EXERCISE:
Below are lines of data; restate word for word those running from the line containing "Personalisierte Monogramm-Golfklubs und" to the line containing "Photo de Lot", inclusive, and no others.

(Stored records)
#####

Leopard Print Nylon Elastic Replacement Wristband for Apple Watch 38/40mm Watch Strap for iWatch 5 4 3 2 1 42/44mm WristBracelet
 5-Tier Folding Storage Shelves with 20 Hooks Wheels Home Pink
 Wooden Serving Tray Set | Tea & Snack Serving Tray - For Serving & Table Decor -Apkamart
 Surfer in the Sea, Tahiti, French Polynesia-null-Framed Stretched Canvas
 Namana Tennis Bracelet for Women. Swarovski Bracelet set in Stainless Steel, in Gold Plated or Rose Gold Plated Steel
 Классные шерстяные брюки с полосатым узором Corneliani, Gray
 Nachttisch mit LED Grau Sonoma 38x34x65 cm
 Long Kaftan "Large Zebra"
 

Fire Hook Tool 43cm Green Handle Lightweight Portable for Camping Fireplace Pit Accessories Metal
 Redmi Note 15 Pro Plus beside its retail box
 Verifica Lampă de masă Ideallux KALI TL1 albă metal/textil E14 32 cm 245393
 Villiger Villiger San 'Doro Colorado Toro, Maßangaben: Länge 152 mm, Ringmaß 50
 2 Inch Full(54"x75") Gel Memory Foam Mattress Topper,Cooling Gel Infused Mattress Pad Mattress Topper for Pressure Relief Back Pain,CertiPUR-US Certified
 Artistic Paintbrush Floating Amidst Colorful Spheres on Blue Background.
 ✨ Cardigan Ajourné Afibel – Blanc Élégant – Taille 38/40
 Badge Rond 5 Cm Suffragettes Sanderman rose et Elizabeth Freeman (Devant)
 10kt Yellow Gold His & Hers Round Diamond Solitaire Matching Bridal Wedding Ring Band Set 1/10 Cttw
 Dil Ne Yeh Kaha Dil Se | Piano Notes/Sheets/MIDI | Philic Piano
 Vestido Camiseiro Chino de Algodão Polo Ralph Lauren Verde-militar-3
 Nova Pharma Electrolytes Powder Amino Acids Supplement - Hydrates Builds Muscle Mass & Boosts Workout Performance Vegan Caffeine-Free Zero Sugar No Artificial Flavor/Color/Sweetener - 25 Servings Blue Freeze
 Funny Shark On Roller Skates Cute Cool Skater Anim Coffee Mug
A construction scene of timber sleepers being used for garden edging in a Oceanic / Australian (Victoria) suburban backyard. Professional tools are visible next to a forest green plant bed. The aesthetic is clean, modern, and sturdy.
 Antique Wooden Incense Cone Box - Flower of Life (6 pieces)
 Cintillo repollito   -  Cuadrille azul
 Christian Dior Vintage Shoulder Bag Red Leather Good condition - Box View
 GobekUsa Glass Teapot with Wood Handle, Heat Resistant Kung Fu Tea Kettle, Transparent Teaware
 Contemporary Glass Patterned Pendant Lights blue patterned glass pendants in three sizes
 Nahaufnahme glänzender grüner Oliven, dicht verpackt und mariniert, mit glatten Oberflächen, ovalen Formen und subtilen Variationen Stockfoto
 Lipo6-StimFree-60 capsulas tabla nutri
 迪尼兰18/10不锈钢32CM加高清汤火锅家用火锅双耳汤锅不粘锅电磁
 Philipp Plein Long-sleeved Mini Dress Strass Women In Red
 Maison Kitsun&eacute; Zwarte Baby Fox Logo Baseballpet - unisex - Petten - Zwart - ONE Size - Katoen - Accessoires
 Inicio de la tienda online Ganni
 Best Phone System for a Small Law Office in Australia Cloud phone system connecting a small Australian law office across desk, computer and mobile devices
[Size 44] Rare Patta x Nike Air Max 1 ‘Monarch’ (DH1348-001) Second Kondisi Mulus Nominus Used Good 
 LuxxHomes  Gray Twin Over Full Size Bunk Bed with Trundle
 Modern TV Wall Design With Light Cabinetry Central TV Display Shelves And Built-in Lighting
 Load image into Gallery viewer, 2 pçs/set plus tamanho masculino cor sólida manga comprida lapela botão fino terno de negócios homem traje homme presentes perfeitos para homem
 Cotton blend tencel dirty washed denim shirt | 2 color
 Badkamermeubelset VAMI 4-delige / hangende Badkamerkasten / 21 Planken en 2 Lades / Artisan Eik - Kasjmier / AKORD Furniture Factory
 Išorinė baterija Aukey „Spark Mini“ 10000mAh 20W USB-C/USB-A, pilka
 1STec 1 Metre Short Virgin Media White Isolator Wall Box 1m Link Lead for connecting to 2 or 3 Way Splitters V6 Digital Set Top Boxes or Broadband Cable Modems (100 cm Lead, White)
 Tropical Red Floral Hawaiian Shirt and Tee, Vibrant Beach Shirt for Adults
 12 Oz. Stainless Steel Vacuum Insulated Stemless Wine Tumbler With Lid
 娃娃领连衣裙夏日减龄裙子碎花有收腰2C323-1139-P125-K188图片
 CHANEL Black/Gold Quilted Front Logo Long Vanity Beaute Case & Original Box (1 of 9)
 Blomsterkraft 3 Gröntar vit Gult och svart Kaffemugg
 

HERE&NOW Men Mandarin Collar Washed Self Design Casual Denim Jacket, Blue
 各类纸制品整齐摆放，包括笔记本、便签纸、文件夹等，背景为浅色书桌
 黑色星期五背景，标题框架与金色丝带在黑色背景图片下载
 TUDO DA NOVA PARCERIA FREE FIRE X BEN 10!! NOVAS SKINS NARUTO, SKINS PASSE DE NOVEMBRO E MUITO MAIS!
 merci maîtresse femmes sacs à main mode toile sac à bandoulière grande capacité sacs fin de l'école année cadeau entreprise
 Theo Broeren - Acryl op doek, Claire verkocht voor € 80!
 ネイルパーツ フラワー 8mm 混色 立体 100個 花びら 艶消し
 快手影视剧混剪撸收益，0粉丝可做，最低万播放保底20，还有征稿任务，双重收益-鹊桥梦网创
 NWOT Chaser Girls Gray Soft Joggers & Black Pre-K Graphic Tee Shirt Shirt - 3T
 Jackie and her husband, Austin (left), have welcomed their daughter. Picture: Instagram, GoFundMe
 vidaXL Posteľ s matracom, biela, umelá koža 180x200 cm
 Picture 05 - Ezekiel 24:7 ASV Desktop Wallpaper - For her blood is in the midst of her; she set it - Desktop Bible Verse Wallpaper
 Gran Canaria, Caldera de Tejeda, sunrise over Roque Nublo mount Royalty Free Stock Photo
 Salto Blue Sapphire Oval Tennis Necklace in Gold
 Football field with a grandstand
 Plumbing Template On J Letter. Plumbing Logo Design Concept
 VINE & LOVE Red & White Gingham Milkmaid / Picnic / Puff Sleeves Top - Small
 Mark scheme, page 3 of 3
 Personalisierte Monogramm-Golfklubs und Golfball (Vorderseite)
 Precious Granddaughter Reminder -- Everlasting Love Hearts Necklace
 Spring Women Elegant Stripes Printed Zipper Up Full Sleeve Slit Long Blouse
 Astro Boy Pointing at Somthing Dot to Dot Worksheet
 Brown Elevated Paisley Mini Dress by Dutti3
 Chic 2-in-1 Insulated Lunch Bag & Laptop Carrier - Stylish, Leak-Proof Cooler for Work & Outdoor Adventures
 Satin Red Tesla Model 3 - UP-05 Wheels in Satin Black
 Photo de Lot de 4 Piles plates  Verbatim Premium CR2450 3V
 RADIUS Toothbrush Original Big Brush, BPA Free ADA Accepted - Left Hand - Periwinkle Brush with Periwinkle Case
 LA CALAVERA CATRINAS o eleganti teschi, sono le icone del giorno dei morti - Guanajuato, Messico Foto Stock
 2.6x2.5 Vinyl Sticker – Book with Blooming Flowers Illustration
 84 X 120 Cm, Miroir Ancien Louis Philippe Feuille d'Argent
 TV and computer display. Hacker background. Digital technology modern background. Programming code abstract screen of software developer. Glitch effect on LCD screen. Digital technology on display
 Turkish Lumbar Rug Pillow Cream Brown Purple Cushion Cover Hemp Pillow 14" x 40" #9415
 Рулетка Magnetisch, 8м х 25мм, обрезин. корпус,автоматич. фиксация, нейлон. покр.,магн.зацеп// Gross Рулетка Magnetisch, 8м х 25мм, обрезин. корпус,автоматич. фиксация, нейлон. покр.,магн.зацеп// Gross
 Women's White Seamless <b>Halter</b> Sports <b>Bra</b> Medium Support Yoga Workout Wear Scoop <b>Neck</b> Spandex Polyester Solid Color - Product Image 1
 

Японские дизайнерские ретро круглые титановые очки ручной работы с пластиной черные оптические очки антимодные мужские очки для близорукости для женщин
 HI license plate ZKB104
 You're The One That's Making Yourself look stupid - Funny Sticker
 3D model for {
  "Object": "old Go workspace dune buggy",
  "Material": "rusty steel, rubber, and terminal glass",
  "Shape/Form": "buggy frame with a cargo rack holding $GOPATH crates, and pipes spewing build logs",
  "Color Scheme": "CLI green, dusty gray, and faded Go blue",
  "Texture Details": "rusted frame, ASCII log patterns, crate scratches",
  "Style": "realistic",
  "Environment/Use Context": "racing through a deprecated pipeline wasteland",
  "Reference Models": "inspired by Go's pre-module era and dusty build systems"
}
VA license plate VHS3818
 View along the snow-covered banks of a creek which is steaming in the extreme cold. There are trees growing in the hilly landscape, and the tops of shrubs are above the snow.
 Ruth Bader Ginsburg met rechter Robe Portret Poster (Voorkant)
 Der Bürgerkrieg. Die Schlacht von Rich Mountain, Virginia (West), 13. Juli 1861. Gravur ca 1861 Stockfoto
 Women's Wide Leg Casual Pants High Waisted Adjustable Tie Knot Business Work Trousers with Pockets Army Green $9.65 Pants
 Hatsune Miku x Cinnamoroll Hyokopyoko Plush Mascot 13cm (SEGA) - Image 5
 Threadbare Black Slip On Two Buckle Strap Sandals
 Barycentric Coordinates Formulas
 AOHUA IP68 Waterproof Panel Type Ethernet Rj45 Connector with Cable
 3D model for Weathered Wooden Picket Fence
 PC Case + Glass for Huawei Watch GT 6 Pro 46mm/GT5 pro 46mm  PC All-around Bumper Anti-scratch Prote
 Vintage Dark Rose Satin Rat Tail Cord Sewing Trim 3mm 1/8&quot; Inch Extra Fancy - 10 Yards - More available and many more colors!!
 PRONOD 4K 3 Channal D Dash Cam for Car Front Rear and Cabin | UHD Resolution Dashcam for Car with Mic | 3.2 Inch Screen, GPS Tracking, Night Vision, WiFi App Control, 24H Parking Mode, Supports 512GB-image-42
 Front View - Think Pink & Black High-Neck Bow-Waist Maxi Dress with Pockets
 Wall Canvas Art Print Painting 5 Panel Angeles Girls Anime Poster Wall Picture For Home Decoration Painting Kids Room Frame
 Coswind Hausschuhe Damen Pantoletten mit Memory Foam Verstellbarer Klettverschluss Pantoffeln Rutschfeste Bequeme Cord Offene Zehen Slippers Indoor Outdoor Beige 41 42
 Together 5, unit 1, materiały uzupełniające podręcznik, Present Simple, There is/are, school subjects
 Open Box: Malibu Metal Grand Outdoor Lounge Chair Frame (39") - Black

#####

SOLUTION TO THIS EXERCISE:
 Personalisierte Monogramm-Golfklubs und Golfball (Vorderseite)
 Precious Granddaughter Reminder -- Everlasting Love Hearts Necklace
 Spring Women Elegant Stripes Printed Zipper Up Full Sleeve Slit Long Blouse
 Astro Boy Pointing at Somthing Dot to Dot Worksheet
 Brown Elevated Paisley Mini Dress by Dutti3
 Chic 2-in-1 Insulated Lunch Bag & Laptop Carrier - Stylish, Leak-Proof Cooler for Work & Outdoor Adventures
 Satin Red Tesla Model 3 - UP-05 Wheels in Satin Black
 Photo de Lot de 4 Piles plates  Verbatim Premium CR2450 3V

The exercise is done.